(Scraped caption text data)
***
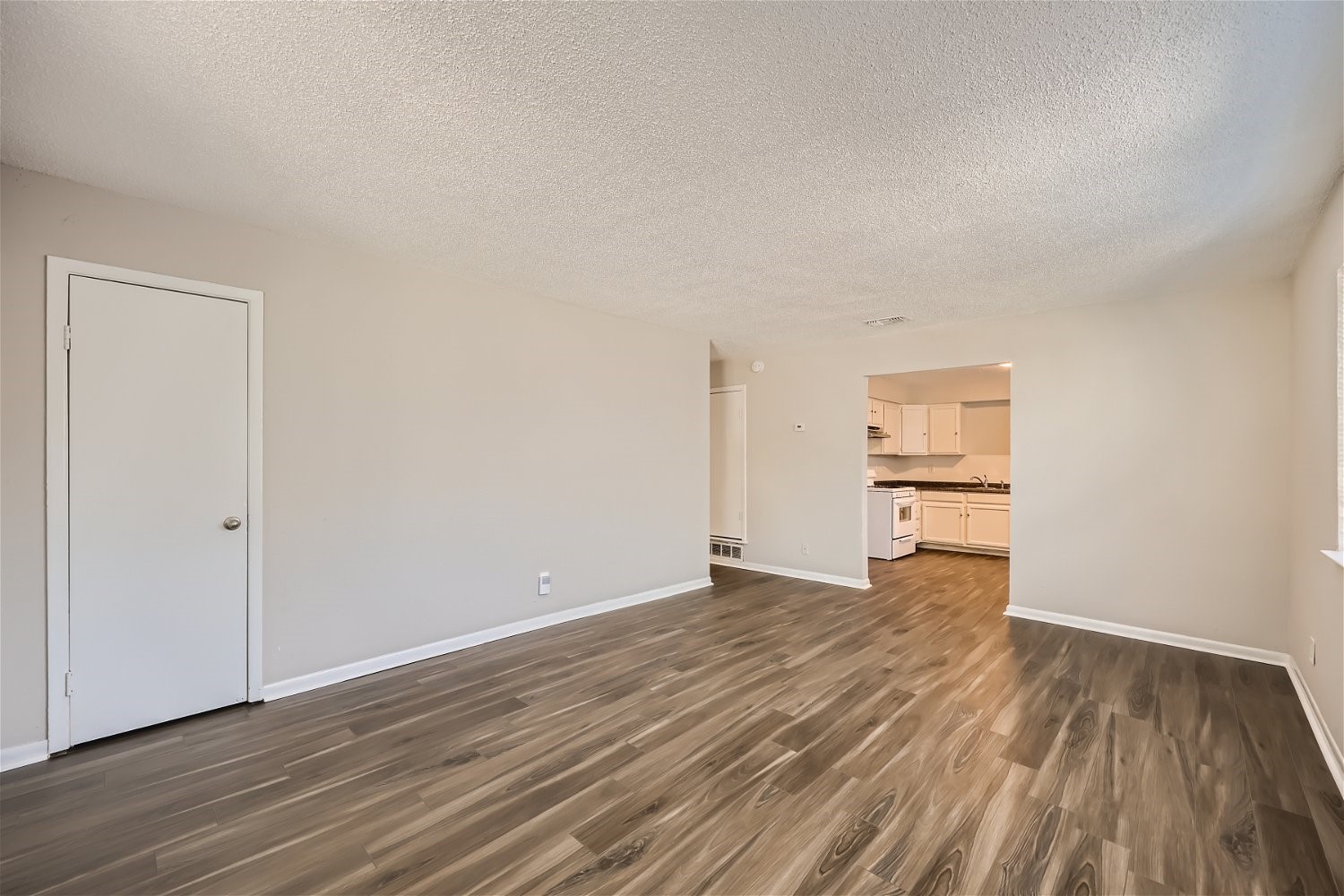 1018 S Murray Street Mckinney TX 75069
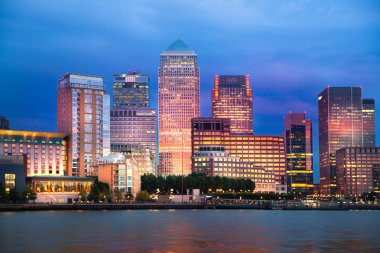 Londra, İngiltere - 17 Ekim 2014: Canary Wharf iş ve İlçe gece ışıkları bankacılık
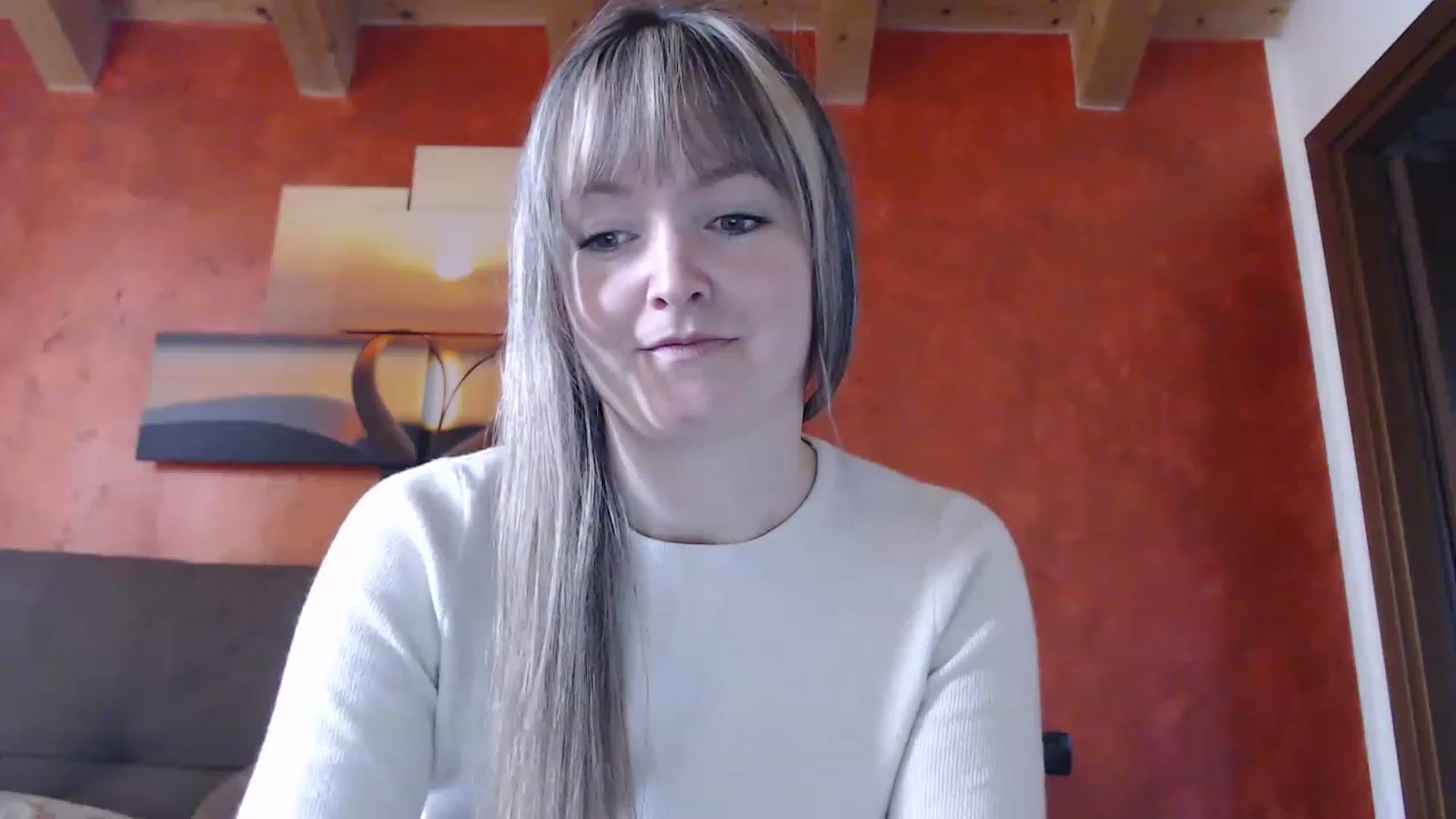 Gallery image thumbnail from PoppieMiller's myfreecams stream on, 11/21/2022, 13:39 image 10 of 20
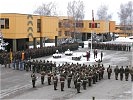 Die Soldaten der Garnison St. Michael sind zum Festakt angetreten.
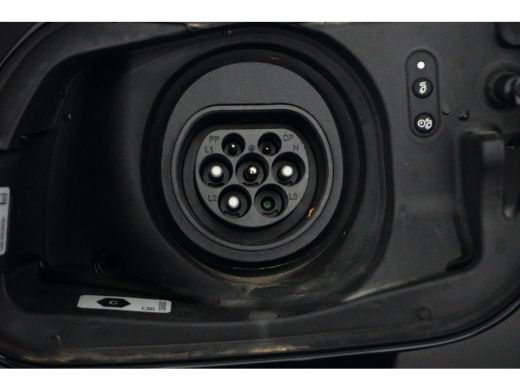 Volkswagen Touareg 3.0 TSi 462 pk 4MOTION R | Wegklapbare Trekhaak | Panoramadak | Head-Up Display | Luchtvering | ActivLease financial lease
***
ABOUT THIS TASK: Please reproduce each entry exactly as given and omit the pictures.

ANSWER TO THE EXERCISE:
 1018 S Murray Street Mckinney TX 75069
 Londra, İngiltere - 17 Ekim 2014: Canary Wharf iş ve İlçe gece ışıkları bankacılık
 Gallery image thumbnail from PoppieMiller's myfreecams stream on, 11/21/2022, 13:39 image 10 of 20
 Die Soldaten der Garnison St. Michael sind zum Festakt angetreten.
 Volkswagen Touareg 3.0 TSi 462 pk 4MOTION R | Wegklapbare Trekhaak | Panoramadak | Head-Up Display | Luchtvering | ActivLease financial lease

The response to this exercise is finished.